Repetition clearly works best when the gap is small, because the characteristics of the signal are likely to be similar across the gap. One can improve the performance of repetition with longer gaps by gradually fading the repeated signal. For example, the GSM mobile telephony system recommends an identical repeat for the first lost packet, followed by a gradual fade to zero amplitude over the next 16 packets (320 milliseconds total duration), or until the next packet is received.60

The repetition algorithm can be outlined in pseudocode like this:

void
repeat_and_fade_frame(sample previous_frame[samples_per_frame],
              sample missing_frame[samples_per_frame],
              int consecutive_lost)
{
    // Repeat previous frame
    for (j = 0; j < samples_per_frame; j++) {
        missing_frame[j] = previous_frame[j];
    }
    // Fade, if we've lost multiple consecutive frames
    if (consecutive_frames_lost > 0) {
        fade_per_sample = 1 / (samples_per_frame *
        fade_duration_in_frames);
        scale_factor = 1.0 – (consecutive_frames_lost *
                              samples_per_frame * fade_per_sample);
        if (scale_factor <= 0.0) {
            // In case consecutive_frames_lost >
            // fade_duration_in_frames
            scale_factor = fade_per_sample = 0.0;
        }
        for (j = 0; j < samples_per_frame; j++) {
            missing_frame[j] *= scale_factor
            scale_factor -= fade_per_sample
        }
    }
}

Note that the previous_frame[] array represents the previous frame received, not any previously repaired frame.
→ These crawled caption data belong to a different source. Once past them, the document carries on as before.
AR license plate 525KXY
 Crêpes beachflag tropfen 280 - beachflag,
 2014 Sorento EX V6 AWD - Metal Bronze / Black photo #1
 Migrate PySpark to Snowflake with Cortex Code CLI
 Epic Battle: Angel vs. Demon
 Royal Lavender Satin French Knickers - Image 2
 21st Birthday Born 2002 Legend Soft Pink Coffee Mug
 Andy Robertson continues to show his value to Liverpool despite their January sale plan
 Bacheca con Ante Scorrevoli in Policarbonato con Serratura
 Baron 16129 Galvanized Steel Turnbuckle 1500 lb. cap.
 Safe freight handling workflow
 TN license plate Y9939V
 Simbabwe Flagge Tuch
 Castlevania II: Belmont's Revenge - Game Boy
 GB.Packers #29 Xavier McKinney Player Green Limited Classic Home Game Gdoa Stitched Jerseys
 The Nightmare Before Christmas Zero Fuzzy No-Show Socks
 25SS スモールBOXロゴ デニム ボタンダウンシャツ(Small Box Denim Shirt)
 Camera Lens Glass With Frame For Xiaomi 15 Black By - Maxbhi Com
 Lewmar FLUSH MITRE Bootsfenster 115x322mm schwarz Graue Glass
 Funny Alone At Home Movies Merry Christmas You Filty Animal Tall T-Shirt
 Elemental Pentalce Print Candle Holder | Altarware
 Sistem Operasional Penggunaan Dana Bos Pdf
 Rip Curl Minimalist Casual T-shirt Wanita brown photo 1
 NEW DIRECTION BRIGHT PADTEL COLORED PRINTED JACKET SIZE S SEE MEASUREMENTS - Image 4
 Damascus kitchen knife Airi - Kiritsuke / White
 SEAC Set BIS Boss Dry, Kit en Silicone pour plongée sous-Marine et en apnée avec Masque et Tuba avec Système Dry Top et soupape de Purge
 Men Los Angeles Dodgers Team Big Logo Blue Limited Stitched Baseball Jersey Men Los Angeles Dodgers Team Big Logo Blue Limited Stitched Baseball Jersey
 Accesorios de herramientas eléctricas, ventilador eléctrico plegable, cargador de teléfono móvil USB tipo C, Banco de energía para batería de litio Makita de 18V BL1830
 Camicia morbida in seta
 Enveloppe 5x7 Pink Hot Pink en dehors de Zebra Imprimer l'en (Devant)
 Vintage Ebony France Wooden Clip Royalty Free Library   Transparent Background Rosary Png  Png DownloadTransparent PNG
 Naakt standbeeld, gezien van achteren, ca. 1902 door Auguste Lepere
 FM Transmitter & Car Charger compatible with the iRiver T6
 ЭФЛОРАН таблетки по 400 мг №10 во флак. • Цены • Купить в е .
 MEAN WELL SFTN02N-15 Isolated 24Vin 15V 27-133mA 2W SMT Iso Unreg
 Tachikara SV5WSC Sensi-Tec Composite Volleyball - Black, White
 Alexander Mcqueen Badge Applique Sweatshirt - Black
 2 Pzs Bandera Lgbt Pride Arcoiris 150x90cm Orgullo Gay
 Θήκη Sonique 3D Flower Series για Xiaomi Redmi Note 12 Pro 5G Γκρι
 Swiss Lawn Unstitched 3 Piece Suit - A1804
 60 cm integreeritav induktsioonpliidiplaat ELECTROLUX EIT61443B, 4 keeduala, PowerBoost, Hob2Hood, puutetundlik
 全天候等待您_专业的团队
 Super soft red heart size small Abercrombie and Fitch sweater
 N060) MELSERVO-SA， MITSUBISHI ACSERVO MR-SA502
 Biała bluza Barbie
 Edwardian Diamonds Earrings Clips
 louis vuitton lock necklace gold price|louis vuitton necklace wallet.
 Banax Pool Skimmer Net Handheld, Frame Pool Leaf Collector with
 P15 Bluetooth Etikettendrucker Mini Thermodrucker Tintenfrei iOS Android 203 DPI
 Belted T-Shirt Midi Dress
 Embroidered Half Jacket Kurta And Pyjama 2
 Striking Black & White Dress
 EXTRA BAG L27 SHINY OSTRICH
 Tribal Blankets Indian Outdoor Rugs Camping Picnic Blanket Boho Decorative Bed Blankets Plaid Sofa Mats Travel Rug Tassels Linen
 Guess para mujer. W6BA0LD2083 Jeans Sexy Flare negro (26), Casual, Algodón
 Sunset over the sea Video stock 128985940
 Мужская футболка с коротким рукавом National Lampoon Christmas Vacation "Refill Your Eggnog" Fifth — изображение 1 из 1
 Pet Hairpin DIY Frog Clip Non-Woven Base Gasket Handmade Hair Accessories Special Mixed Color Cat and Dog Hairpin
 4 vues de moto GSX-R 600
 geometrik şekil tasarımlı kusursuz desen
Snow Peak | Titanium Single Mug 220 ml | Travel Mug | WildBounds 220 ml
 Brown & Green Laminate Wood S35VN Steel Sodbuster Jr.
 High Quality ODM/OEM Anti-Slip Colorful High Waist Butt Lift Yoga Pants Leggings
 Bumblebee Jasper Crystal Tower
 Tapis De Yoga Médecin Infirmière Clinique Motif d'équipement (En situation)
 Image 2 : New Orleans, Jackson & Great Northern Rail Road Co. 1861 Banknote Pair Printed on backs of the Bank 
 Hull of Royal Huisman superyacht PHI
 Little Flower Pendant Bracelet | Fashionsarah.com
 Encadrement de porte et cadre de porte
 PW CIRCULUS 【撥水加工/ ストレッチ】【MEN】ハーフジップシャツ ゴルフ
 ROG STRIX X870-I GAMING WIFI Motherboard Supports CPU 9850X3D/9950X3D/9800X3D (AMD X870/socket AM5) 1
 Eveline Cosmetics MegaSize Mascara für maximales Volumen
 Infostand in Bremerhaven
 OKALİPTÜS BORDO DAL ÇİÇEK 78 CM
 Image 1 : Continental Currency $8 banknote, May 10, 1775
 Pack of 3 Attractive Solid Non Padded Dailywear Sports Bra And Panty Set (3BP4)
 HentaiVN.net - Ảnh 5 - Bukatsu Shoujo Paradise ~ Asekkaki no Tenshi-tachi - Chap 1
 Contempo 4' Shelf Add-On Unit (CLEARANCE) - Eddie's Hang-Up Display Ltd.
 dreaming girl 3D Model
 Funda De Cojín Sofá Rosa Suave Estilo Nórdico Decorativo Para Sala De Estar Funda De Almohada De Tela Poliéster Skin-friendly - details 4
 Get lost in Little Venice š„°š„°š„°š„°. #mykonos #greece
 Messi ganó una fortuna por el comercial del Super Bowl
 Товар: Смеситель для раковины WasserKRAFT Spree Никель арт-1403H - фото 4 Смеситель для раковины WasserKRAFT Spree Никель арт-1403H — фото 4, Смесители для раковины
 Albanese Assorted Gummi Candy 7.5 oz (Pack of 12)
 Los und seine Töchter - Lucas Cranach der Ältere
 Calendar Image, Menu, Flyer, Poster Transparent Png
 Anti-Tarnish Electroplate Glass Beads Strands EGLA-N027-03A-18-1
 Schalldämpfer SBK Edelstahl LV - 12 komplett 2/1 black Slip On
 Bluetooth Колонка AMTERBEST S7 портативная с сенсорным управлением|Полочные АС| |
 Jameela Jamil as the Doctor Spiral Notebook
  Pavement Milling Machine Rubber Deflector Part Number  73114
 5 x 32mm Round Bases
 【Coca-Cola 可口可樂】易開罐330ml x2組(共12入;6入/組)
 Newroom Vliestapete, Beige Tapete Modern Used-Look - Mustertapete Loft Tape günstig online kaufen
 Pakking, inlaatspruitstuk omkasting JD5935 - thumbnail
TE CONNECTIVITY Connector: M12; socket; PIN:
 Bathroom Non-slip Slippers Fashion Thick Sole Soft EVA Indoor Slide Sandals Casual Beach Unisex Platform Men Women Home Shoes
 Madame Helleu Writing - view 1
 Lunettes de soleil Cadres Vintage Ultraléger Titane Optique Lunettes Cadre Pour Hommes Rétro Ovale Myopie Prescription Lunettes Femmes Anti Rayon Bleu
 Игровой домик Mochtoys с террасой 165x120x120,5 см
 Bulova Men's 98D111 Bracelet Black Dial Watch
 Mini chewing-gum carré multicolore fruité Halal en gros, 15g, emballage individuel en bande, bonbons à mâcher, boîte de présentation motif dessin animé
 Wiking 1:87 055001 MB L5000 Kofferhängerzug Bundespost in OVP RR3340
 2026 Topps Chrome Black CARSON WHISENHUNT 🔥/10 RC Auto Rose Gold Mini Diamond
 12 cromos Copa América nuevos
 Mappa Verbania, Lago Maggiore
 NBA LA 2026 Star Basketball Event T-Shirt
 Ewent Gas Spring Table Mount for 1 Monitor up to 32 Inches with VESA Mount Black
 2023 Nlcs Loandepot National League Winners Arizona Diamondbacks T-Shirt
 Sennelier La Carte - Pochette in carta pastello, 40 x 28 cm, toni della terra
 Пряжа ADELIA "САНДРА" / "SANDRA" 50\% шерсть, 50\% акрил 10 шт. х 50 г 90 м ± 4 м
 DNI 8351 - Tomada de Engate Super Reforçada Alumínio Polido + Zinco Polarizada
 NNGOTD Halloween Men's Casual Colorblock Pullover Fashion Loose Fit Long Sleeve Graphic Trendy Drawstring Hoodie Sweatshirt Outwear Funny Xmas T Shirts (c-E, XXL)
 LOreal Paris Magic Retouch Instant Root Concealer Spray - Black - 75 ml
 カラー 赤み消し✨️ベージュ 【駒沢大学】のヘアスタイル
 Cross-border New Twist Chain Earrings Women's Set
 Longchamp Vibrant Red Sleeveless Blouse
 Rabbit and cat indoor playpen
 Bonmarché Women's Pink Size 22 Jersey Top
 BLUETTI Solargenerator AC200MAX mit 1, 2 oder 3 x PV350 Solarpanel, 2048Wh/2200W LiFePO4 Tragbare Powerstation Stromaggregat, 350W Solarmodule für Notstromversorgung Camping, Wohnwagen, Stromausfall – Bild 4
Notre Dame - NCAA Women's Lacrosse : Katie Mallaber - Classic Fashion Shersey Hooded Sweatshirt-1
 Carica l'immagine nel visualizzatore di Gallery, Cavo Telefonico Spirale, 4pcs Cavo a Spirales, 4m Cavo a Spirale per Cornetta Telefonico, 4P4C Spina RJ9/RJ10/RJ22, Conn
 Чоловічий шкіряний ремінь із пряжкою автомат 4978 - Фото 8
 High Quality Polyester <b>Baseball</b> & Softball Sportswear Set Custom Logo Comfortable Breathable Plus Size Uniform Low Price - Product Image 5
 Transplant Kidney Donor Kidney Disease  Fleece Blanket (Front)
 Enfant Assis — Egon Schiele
The playout buffer should maintain the variable consecutive_lost based on the RTP sequence numbers, and should keep track of original versus repaired frames (in case one of the original frames was merely delayed).

Listening tests show that repetition works better than noise substitution for speech signals, and it is simple to implement. Repetition works better with speech than with music because the characteristics of music are more varied. Noise matched to the frequency spectrum of the signal may be a better choice for music signals.

Other Techniques for Repairing Speech Signals

The three simple repair techniques—silence substitution, noise substitution, and repetition—form the basis of many error concealment systems, and when correctly applied they can give good performance with low implementation complexity. Researchers have also studied a range of more specialized error concealment techniques for speech. These techniques typically trade increased complexity of implementation for a modest improvement in performance, and they are often tailored to particular types of input.

Various techniques based on waveform substitution have been proposed for use with speech. These techniques generate a suitable replacement packet based on characteristics of the speech signal surrounding a lost packet, and they can be viewed as extensions of packet repetition. Unlike basic packet repetition, waveform substitution algorithms adapt the repair to avoid discontinuity at the edges of the gap, and to match the characteristics of the signal better.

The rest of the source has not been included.